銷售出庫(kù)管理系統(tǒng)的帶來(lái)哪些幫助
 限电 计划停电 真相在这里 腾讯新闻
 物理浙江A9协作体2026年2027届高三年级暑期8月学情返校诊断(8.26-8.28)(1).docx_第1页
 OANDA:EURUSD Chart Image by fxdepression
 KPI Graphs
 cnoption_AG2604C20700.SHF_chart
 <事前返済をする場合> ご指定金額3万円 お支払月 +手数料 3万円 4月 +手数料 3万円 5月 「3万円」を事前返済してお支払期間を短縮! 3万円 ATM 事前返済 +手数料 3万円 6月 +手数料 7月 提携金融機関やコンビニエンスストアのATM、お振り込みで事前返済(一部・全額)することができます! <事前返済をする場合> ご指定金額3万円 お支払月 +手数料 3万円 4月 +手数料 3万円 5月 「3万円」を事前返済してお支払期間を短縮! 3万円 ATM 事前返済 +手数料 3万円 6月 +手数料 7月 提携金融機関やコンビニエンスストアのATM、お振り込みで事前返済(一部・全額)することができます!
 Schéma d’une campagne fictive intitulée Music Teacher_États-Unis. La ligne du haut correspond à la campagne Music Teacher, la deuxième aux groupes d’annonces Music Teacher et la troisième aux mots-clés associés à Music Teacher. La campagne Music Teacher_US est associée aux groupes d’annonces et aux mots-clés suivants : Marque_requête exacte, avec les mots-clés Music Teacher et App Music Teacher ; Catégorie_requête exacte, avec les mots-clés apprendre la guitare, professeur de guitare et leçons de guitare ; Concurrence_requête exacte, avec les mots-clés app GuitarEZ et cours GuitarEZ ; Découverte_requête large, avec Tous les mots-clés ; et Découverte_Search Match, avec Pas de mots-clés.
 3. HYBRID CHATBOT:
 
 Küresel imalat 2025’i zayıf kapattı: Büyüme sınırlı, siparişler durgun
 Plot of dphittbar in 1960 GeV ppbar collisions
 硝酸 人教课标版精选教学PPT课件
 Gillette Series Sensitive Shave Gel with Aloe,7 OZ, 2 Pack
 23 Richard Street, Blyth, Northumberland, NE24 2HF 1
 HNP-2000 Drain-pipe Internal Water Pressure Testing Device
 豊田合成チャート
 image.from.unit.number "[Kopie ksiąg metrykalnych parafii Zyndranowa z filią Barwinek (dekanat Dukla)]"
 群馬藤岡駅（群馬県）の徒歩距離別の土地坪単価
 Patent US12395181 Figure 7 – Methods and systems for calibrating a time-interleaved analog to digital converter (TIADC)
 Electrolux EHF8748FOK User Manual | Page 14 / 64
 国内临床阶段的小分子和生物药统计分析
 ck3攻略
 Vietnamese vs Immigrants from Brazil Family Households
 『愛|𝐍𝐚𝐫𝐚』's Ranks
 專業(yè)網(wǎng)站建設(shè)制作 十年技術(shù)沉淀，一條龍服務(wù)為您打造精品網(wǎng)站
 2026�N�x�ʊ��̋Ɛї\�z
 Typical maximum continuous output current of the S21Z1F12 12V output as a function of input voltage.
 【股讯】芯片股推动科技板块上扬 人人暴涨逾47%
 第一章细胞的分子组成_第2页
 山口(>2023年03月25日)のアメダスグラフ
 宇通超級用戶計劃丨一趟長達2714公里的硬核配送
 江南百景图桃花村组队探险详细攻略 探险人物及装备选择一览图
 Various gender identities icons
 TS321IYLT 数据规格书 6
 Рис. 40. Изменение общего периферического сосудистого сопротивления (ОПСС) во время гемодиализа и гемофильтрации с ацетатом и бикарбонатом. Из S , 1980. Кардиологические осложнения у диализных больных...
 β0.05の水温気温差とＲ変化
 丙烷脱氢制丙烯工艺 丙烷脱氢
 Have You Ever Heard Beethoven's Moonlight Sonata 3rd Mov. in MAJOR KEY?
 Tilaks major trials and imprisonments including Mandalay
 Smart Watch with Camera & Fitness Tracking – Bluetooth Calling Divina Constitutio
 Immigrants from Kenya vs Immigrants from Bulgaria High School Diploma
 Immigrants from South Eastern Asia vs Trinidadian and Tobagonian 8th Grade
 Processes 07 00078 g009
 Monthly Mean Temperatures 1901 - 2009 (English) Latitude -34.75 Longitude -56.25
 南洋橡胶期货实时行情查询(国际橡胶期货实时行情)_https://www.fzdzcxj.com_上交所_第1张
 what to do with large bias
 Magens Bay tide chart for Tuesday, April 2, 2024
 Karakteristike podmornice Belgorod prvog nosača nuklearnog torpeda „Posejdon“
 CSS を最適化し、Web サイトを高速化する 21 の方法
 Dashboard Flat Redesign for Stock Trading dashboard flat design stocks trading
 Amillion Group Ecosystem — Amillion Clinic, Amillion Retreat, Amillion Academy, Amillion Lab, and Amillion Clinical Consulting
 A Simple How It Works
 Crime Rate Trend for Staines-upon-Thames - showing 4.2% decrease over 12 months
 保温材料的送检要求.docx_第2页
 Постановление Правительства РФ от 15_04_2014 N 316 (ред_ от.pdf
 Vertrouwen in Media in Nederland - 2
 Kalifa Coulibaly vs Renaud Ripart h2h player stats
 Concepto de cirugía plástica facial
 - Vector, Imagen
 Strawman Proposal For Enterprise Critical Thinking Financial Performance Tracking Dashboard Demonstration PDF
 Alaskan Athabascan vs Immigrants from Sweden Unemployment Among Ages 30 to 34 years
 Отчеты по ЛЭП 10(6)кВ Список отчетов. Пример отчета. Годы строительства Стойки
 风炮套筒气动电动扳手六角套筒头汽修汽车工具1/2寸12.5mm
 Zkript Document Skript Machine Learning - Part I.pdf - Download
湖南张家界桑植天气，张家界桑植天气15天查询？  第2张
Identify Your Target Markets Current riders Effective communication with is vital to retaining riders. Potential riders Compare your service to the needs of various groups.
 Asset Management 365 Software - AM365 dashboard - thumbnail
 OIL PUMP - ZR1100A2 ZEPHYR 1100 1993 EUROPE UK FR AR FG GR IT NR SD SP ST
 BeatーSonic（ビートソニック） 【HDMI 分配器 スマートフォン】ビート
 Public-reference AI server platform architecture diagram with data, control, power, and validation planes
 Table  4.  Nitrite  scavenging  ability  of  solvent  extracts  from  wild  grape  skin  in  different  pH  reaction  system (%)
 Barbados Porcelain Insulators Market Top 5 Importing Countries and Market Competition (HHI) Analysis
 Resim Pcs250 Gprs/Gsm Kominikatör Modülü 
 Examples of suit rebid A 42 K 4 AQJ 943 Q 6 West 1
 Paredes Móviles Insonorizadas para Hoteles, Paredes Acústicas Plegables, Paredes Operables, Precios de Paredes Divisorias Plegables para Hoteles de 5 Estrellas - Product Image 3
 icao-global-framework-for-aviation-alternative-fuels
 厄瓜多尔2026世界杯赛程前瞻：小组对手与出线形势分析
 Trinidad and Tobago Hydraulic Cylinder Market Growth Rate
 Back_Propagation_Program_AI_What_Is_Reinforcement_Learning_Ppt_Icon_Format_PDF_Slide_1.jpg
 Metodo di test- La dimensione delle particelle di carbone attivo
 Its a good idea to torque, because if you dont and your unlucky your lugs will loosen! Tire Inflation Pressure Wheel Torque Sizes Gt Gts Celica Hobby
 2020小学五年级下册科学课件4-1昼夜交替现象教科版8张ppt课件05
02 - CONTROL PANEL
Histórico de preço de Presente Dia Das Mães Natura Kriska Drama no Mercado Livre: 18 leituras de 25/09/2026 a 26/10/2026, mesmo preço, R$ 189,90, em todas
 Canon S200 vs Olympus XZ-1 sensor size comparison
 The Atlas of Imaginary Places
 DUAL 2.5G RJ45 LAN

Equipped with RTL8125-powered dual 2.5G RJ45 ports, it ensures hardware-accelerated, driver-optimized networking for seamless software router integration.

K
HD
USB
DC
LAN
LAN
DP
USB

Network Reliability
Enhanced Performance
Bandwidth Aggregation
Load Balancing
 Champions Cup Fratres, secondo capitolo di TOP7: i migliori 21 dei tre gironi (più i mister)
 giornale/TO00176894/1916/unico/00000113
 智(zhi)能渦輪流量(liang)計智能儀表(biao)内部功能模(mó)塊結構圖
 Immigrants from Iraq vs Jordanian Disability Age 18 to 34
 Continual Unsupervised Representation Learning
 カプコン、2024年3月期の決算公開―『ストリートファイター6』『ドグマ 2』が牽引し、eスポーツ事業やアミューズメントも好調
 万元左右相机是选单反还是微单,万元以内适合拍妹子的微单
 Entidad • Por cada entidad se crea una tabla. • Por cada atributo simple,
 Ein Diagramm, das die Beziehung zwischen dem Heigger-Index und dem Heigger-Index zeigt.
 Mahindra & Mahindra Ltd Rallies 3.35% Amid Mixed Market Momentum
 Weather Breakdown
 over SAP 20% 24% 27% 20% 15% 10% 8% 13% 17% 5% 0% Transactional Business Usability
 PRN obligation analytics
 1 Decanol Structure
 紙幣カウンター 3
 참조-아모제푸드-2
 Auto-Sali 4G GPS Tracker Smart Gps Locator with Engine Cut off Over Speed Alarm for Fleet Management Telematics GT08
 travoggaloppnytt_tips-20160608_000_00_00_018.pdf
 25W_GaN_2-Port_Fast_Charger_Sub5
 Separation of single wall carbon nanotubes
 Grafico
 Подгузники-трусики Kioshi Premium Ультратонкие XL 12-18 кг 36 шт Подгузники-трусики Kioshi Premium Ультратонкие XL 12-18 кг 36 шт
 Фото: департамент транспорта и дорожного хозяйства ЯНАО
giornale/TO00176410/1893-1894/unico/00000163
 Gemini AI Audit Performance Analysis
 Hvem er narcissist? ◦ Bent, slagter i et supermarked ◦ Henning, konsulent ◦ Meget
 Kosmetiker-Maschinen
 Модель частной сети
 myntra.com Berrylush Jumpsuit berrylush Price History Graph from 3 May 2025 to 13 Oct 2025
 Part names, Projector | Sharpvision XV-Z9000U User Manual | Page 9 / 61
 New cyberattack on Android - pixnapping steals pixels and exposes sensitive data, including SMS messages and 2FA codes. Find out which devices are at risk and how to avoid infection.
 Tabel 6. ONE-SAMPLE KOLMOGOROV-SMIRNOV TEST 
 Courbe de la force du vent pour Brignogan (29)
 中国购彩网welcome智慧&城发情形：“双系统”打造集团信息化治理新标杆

• Task brief:
Go line by line through the data above and report each one that holds the string "Manual".

• Answer box:
 Electrolux EHF8748FOK User Manual | Page 14 / 64
 Part names, Projector | Sharpvision XV-Z9000U User Manual | Page 9 / 61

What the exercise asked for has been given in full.